In den vergangenen Wochen galt es für die 24-Jährige, gesund zu bleiben – ihre Krankenversicherung war ausgelaufen. Der Versuch, diese zu verlängern, wurde vom ADAC abgeschmettert. Hätte sie medizinische Hilfe in Anspruch nehmen müssen, wäre es teuer geworden. Für eine Fahrt im Krankenwagen hat sie in Syracuse einmal 1500 US-Dollar berappen müssen, der fünfstündige Aufenthalt in einer Klinik schlug mit zusätzlichen 800 US-Dollar zu Buche – obwohl sie dort nur im Bett lag. Viele Amerikaner haben keine Krankenversicherung. „Das ist der Grund, warum die meisten Menschen in den Staaten nur zum Arzt gehen, wenn es absolut nötig ist.“ Denn selbst, wenn man eine Krankenversicherung hat, ist immer auch eine Selbstbeteiligung fällig. Nicht die besten Voraussetzungen in Corona-Zeiten.

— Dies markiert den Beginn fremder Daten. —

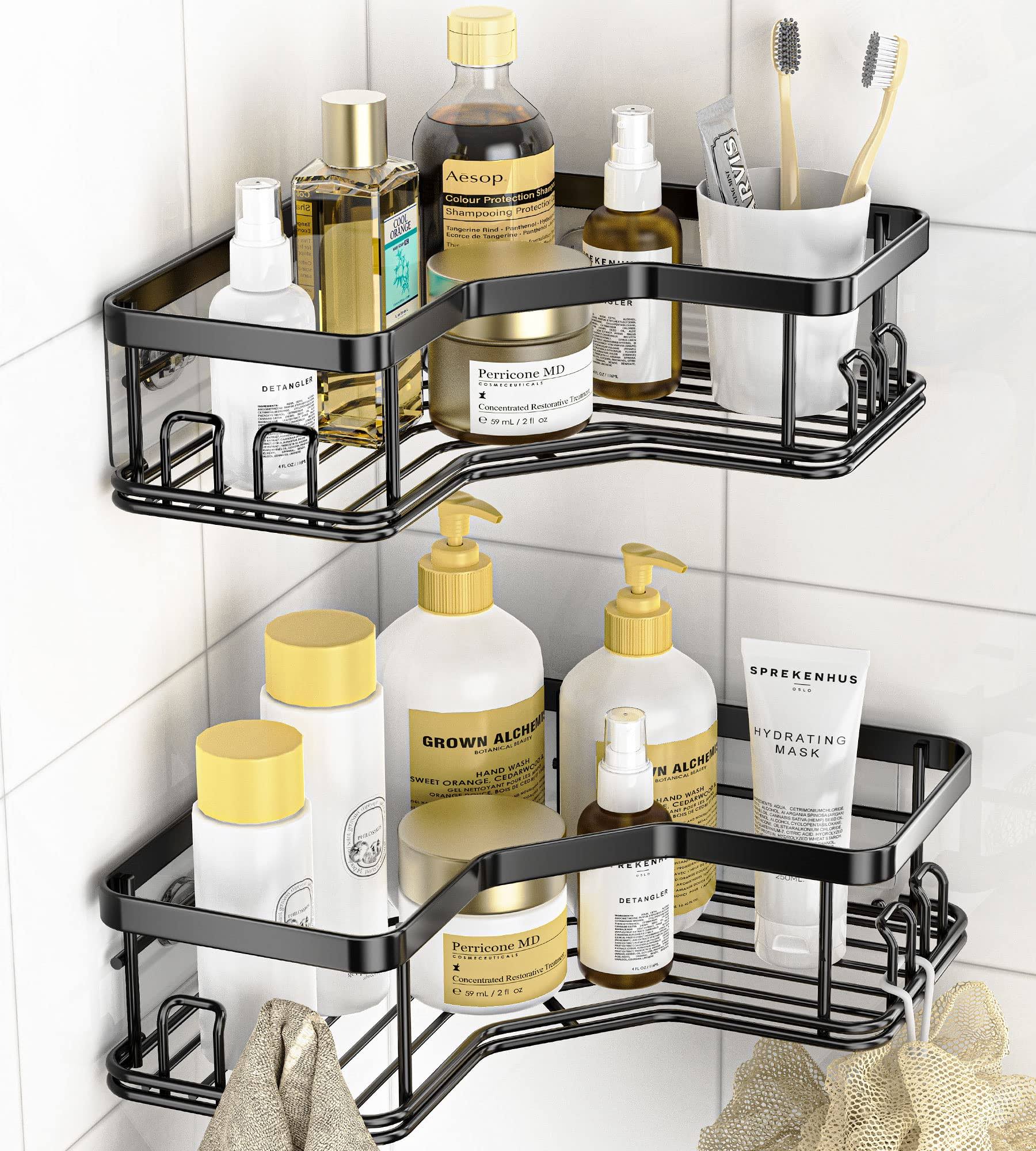6ecd5444c5b35ca2a78d225d51f3a296170dd60cd0ce803344f92c1758ed88d3.jpg MAXIFFE Shower Caddy, Adhesive Stainless Steel Shower Organizer Shower Rack, Corner Shower Caddy with 8 Hooks, Shower Shelves Storage Bathroom - Image 1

"Mir entzieht es die Energie"

Die quirlige 24-Jährige leidet unter der Situation. „Mir entzieht es die Energie, wenn ich keine sozialen Kontakte habe.“ In ihrer letzten Woche in den Staaten hat sie an einem Home-Workout bei Youtube teilgenommen und in einem neu eröffneten kleinen Supermarkt um die Ecke die letzte Packung Biohackfleisch ergattert – das einzige Hackfleisch, das ob seines höheren Preises noch in den Regalen zu finden war.

Normalerweise ist Elisa Sovocool sehr aktiv auf Instagram, füttert ihre gut 3300 Follower mit Neuigkeiten. Doch derzeit gebe es nichts zu berichten, sagt sie. Ihr letzter Beitrag datiert vom 7. März. Über Facetime hält sie Kontakt mit ihren Eltern im Ingolstädter Stadtteil Haunwöhr, zu ihren Großeltern und zu ihrer besten Freundin.

Sovocools ursprünglicher Plan sah vor, für vier Wochen in den USA zu bleiben, vom 15. Februar bis zum 14. März. Am 20. April ist Semesterstart in Ansbach, wo sie eine kleine Wohnung hat – es wird Onlinelesungen geben. Da noch Linienflüge verfügbar waren, hat für die 24-Jährige das Rückholprogramm des Auswärtigen Amtes nicht gegriffen. Also musste sie aktiv werden und einen neuen Flug buchen. Ihr Flugzeug hebt am Freitagabend in Newark (US-Bundesstaat New Jersey) ab und landet am Samstagmorgen in Frankfurt, bezahlt hat sie dafür 460 Euro. Ob sie das Guthaben ihres ursprünglichen Rückflugs gutgeschrieben bekommt, weiß sie noch nicht.

Zu Hause zunächst in Quarantäne

Daheim freut sie sich am meisten auf die Terrasse ihrer Eltern, lange Spaziergänge mit ihrer Mutter und ein Essen vom Griechen. Das wird sie sich abholen lassen müssen, und die Spaziergänge werden zunächst noch ohne sie stattfinden: Personen, die ab dem 10. April aus dem Ausland nach Deutschland einreisen, müssen zunächst für 14 Tage in häusliche Quarantäne. Dies ist auch der Grund, warum sie ihre wichtige, für den 16. April terminierte Zahn-OP, ein zweites Mal verschieben musste.

 

Im Rahmen ihres Bachelor-Studiums, das Elisa Sovocool (gebürtige Oberst) an der Hochschule der Medien in Stuttgart in den Bereichen Journalismus und Public Relations absolvierte und das sie für ein Auslandssemester an die Syracuse University führte, lernte sie ihren Ehemann Zach im Spätsommer 2017 kennen. Die beiden besuchten sich abwechselnd, sahen sich drei-, vier Mal im Jahr. Im September 2019 heiratete das Paar. Elisa Sovocool befindet sich seit Januar dieses Jahres im sogenannten Visumsprozess, da eine Heirat mit einem US-Amerikaner nicht automatisch eine Aufenthalts- bzw. Arbeitserlaubnis oder die US-Staatsbürgerschaft nach sich zieht. Dieser Prozess dauert ungefähr ein Jahr. Die 24-Jährige studiert in Ansbach Public Relations und Unternehmenskommunikation und hofft, im Sommer 2021 mit der Masterarbeit abzuschließen. Anschließend will sie endgültig in die Vereinigten Staaten umziehen.